#### [THE DATA]
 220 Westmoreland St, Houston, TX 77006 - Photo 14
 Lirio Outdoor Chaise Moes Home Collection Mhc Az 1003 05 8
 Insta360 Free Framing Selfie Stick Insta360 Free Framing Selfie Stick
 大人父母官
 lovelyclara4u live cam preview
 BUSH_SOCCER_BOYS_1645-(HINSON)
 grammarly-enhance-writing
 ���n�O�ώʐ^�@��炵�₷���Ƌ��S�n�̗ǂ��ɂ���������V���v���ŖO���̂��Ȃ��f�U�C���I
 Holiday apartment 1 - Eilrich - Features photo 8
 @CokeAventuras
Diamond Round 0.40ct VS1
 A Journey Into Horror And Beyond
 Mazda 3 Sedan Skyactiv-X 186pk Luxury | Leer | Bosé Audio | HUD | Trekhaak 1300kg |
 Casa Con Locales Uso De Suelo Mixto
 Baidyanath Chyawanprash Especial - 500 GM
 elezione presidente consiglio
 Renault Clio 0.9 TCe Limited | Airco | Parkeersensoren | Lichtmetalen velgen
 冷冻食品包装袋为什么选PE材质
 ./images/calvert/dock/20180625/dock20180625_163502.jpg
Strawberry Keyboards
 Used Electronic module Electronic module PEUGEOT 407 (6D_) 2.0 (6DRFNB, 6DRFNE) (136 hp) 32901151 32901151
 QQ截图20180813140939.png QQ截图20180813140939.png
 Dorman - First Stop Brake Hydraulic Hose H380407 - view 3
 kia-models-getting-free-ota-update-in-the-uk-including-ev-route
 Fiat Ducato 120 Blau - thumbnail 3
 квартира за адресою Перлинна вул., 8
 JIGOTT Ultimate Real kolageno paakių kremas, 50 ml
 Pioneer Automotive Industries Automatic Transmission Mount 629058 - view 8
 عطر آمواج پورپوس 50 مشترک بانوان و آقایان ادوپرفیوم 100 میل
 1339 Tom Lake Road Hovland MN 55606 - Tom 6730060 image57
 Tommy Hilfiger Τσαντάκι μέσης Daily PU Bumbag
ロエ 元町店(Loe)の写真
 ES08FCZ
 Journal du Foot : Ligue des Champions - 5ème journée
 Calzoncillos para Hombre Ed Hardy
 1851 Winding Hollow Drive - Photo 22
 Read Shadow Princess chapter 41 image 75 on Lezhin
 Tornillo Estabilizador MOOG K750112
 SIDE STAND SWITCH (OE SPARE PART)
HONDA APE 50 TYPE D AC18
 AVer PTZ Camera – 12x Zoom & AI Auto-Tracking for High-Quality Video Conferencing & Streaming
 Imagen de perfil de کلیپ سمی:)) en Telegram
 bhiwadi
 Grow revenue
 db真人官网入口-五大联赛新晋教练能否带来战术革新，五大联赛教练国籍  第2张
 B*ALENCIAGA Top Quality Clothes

#### [INSTRUCTIONS TO FOLLOW]
Among the lines of the data, which ones contain the word "Quality"? Show them.

#### [EXERCISE OUTPUT]
 AVer PTZ Camera – 12x Zoom & AI Auto-Tracking for High-Quality Video Conferencing & Streaming
 B*ALENCIAGA Top Quality Clothes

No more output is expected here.